FIG. 1 shows an example corresponding to a 30 degree elevation limitation imposed on certain equipment 0 in the United States in the 6 GHz band. The Equivalent Isotropic Radiated Power (“EIRP”) is limited to 21 dBm above a 30-degree elevation angle from the horizon, while being limited to 36 dBm below 30 degrees (so the radiated power can be 15 dB higher below the 30-degree elevation angle).

Manufacturers are therefore designing radiofrequency devices that generate limited radiated power above a certain elevation angle. This limitation can be obtained in various ways and, for example:

• • by limiting the power transmitted by the amplifier of the radiofrequency device. This limitation is however obtained to the detriment of the overall coverage;
  • by physically distorting the radiation pattern in one direction;
  • by using horizontal directional antennas.

However, these different methods are only effective when the equipment 0 is in its nominal position. A poor positioning of the equipment 0 leads to poor orientation of the “distortion” and therefore regulatory non-compliance and poor coverage.
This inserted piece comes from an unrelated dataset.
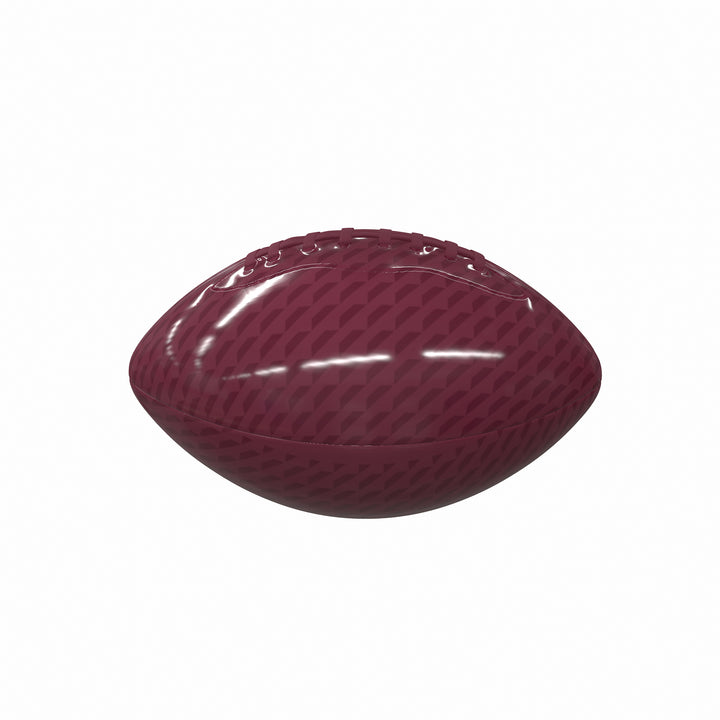 Mini Glossy Football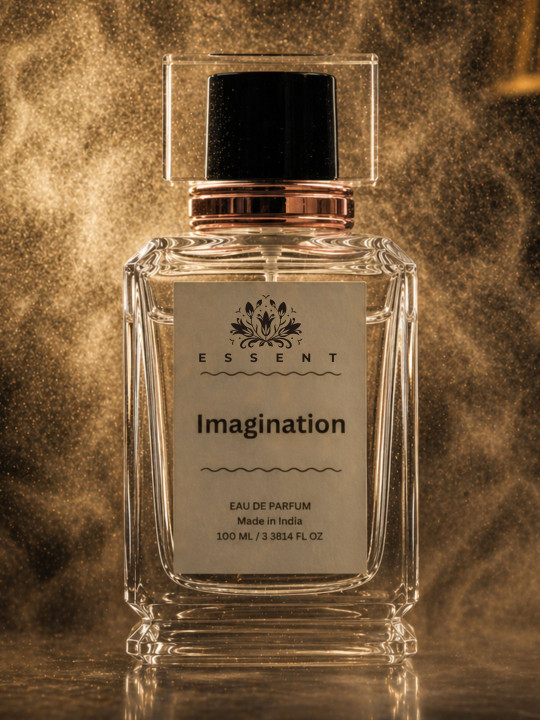 Imagination EDP - 100 ml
Indeed, if the equipment 0 in FIG. 1 is not placed flat, its transmission zone within 30 degrees having an EIRP limit of 36 dBm may spill over into the zone limited to an EIRP of 21 dBm. The equipment 0 is then no longer in compliance with the regulations and its coverage is degraded.

Object

An object of the invention is to ensure that a piece of equipment comprising a radiofrequency device remains compatible, whatever its orientation, with power limitation requirements that differ according to the direction.

SUMMARY

In order to achieve this object, a piece of equipment is proposed comprising:

• • a radiofrequency device designed to transmit radiofrequency signals by generating a radiated power which, when the equipment is installed with a nominal orientation, is less than a first predefined power threshold in the direction of a first reference zone and is less than a second predefined power threshold in the direction of a second reference zone, the second predefined power threshold being less than the first predefined power threshold;
  • a measuring device designed to measure at least one quantity representative of a current orientation of the equipment;
  • a processor module designed, if the current orientation of the equipment differs from the nominal orientation and is such that the power radiated in the direction of the second reference zone is likely to exceed the second predefined power threshold, to operate the radiofrequency device in order to limit the power radiated in the direction of the second reference zone and thus ensure that the power radiated in the direction of the second reference zone again becomes less than the second predefined power threshold.
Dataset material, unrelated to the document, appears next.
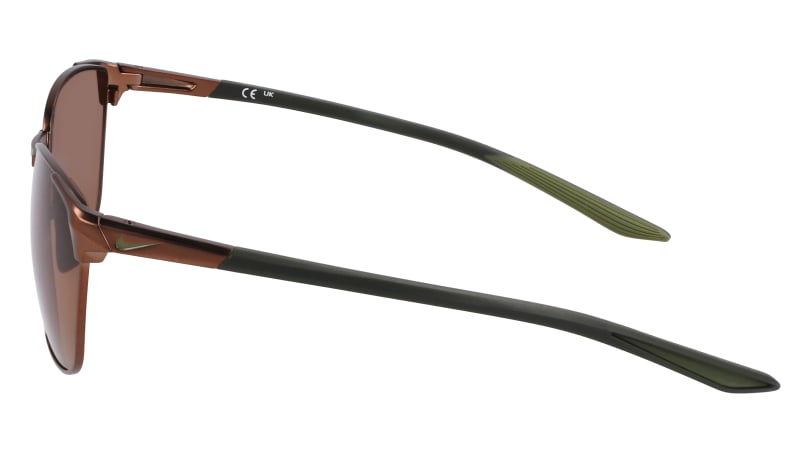 NIKE METAL FUSION FV2377 215 Occhiali da sole Nike 6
The processor module therefore acquires the measurements of the quantity or quantities representative of the current orientation of the equipment. If the current orientation is such that the power radiated in the direction of the second reference zone (a vertical cone for example) risks exceeding the second predefined power threshold because of the inclination of the equipment, the processor module limits the power radiated in the direction of this second reference zone. This ensures that the equipment remains compliant with the regulations relating to transmission powers, which differ according to the direction, regardless of the current orientation of the equipment.

In addition, a piece of equipment such as described above is proposed, in which, in order to limit the power radiated in the direction of the second reference zone, the processor module is designed to limit an electrical power of at least one electrical signal applied between terminals of at least one antenna of the radiofrequency device.

Also proposed is a piece of equipment as described above, the radiofrequency device comprising a beam steering system comprising an array of a plurality of antennas, the processor module being designed, to limit the radiated power, to control phases of electrical signals applied between terminals of the antennas of the beam steering system so as to modify a direction of transmission of an electromagnetic beam generated by the beam steering system.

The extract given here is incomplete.